2- Points de vigilance vis-à-vis de la «
logique dominante »
La logique dominante dans la mise en oeuvre des projets
d'agrocarburants reste la promotion de grandes plantations en monocultures dans
des terres fertiles avec un recours aux intrants chimiques voire l'irrigation
pour la maximisation des rendements. Les paysans sont souvent employés
comme ouvriers agricoles dans ces plantations gérées en
régie par des multinationales qui privilégient l'exportation de
la production vers les pays occidentaux.
Pour les filières de proximité, il subsiste des
questions non élucidées à prendre en compte. Cela
nécessite la poursuite de la recherche et le suivi dans la durée
pour que ces filières puissent réellement contribuer à
l'amélioration des conditions de vie des zones d'implantation par la
satisfaction des besoins énergétiques locaux. Parmi les points de
vigilances, je retiens les suivants :
1. surveiller le risque d'appropriation frauduleuse de terres
par des personnes étrangères par le biais d'un marquage foncier
avec des plantations de Jatropha
2. surveiller le risque d'occupation de terres auparavant
consacrées au pâturage pour éviter des conflits entre
éleveurs et agriculteurs
3. surveiller le risque qu'à terme la culture pure de
Jatropha ne prenne le pas de l'option « haie vive » et se traduise
par une intensification avec un recours abusif aux intrants chimiques
4. utiliser de préférence des semences de
Jatropha locales qui s'adaptent mieux aux conditions agro-écologiques si
l'on veut obtenir un optimum de coût de production et de
productivité ; elles nécessitent peu de fertilisants et d'eau,
contrairement à des variétés hybrides importées
5. vérifier la qualité de l'huile
végétale pure produite pour éviter le risque à
terme d'endommager les moteurs à faire fonctionner
6. tenir compte des enseignements des autres filières
agricoles comme le coton, l'arachide et l'anacardier en termes d'échec
et de réussite
7. faire attention à la main mise à outrance des
partenaires extérieurs au risque de détourner le projet dans le
marché capitaliste au détriment de la satisfaction des besoins
locaux
8. favoriser la responsabilisation et l'autonomisation des
groupements villageois de base pour une gestion commune des équipements,
une sécurisation de l'approvisionnement en
graine de Jatropha, le bon fonctionnement des unités de
trituration ; in fine favoriser l'émergence d'une économie
associative dans les zones de production.

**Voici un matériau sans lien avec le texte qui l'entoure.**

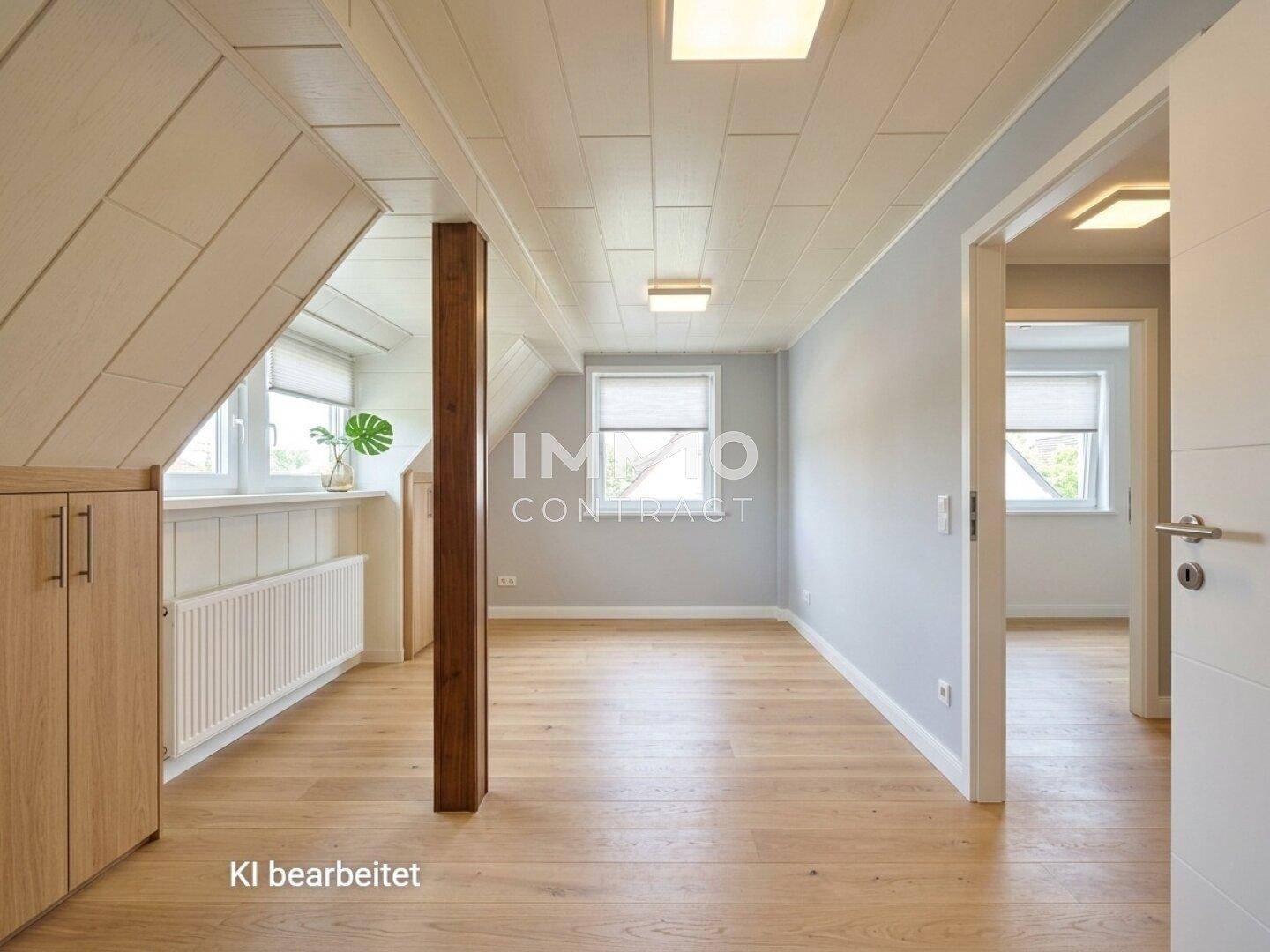 Geräumiges Dachzimmer mit Holzboden, Dachschrägen und viel natürlichem Licht.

Somme toute, il est indispensable de mettre en place un
système de suivi et d'évaluation pour accompagner la mise en
oeuvre de ces filières. Une telle approche permettra sans doute de
valider les référentiels technico-économiques et d'obtenir
un engagement politique sur les orientations stratégiques au niveau des
plans locaux de développement des communautés rurales
La loi actuelle sur le domaine national ne permet pas une
sécurisation foncière à la faveur des investisseurs
privés du modèle dominant qui continuent d'en réclamer sa
révision. Leurs manoeuvres soutenues par les institutions
internationales risquent finalement de faire changer cette loi au
détriment des paysans sénégalais. La société
civile doit intensifier son lobbying et plaidoyer politiques pour continuer
à jouer pleinement son rôle de contre poids.